Plenty of Republicans care about climate. It’s just hard to hear them above the anti-science din.

The 2016 Republican platform briefly mentions climate change, if only to try to disarm it through a series of imperious sentences that roughly translate to PSSSSSH. “Climate change is far from this nation’s most pressing national security issue,” one reads. “This is the triumph of extremism over common sense, and Congress must stop it.” Another: “The United Nations’ Intergovernmental Panel on Climate Change is a political mechanism, not an unbiased scientific institution.” And we can’t forget: “The Environmental Protection Agency has rewritten laws to advance the Democrats’ climate change agenda.” These dismissals left no room to take the environment seriously in the platform.

“I thought the platform could have been worse,” Christian Berle, who does conservative outreach for the environmental nonprofit Defend Our Future, told MTV News. Berle went to the convention in Cleveland to support John Kasich but was also talking to people his age who might have been equally frustrated by the complete absence of climate change discussions onstage. Many young conservatives are trying to be optimistic when it comes to climate and the Republican Party, as it doesn’t seem there’s anywhere to go but up. “One of the unique gifts of the Christian community is hope, the unshakable belief that God is faithful to his promises,” says Kyle Meyaard-Schaap, spokesperson for Young Evangelicals for Climate Action.

Very few people in their party are talking about climate change during this election cycle — or at all — but there are plenty of younger conservatives who are passionate about this issue and want their leaders to pay attention. And if they don’t, these young people are counting down the days until people their age can be the ones making these decisions. “Maybe this is the young college student in me,” says Andy Rodriguez, a Republican senior at the University of South Florida who went to the National Climate Leadership Summit in June, “but once the politicians that we know today grow old and are out of office, and when the people my age start to fill Congress, I’d like to think that Congress would deal with solutions.”
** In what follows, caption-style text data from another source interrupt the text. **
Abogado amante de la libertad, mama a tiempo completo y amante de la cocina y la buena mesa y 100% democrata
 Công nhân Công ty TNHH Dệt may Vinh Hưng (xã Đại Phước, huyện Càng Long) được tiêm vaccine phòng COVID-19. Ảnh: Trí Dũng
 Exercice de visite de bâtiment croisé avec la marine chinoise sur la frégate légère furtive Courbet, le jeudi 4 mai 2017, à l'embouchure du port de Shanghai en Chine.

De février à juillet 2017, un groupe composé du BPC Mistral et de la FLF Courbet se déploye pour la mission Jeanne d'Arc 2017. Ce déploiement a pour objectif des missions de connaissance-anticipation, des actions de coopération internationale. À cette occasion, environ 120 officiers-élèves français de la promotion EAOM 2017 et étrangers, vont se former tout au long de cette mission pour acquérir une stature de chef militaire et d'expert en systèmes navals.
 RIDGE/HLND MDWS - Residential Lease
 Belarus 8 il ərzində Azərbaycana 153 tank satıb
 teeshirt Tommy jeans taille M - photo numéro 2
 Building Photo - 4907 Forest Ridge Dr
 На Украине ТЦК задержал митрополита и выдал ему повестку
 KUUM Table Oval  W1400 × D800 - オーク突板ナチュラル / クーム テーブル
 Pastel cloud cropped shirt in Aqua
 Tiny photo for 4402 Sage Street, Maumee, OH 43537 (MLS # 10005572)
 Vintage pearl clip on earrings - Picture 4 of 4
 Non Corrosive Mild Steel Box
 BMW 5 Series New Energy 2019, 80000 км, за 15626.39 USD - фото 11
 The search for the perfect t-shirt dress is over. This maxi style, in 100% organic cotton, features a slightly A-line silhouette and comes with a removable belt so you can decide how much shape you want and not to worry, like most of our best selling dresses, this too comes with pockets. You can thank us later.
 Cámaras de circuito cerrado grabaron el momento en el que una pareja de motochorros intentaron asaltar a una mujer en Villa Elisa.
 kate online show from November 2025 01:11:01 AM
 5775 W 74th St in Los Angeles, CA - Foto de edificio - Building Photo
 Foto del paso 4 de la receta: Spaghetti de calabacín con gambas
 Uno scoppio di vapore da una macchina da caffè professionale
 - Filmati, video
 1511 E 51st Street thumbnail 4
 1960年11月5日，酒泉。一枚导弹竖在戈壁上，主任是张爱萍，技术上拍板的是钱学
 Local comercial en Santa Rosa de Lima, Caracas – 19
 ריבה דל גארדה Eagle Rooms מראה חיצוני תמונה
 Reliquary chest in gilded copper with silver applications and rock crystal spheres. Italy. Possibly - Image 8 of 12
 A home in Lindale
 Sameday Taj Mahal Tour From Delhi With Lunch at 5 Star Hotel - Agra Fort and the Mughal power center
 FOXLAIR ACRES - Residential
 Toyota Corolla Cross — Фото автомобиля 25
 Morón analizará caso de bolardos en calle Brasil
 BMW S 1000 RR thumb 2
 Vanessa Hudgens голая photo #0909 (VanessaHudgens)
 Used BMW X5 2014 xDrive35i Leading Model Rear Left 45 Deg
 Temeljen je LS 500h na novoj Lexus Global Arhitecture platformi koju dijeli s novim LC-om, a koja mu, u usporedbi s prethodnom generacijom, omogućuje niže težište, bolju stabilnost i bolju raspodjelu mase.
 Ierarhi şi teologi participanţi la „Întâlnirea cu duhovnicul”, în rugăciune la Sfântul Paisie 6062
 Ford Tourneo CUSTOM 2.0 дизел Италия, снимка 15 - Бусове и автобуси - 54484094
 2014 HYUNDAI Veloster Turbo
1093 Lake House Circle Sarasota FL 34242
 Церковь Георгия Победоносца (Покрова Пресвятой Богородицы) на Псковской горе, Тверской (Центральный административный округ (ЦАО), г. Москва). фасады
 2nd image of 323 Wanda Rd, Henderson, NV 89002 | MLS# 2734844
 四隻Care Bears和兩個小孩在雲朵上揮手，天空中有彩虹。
In 2014, a Washington Post/ABC News poll found that “roughly six in 10 Republicans and GOP-leaning independents under age 50 think the government should limit greenhouse gases even if it causes a $20 increase in their monthly bill.” A Monmouth poll from December found that 75 percent of Americans aged 18 to 34 think the government should be doing more to prevent climate change. On top of that, groups that cater to conservative climate-caring types have been proliferating as Earth keeps breaking temperature records. There is Meyaard-Schaap’s aforementioned Young Evangelicals for Climate Action, which tries to get politicians and faith leaders to think about climate change as a moral issue. There are Young Conservatives for Energy Reform and republicEN, which advocate that being conscious of the environment is just economically smart. They definitely aren’t in total agreement with the more progressive and familiar environmental groups out there when it comes to how to solve, or at least mitigate, climate change, favoring free markets and local solutions with no regulations, but they are in firm agreement on the science and the fact that they want their party to acknowledge that this problem exists in the first place.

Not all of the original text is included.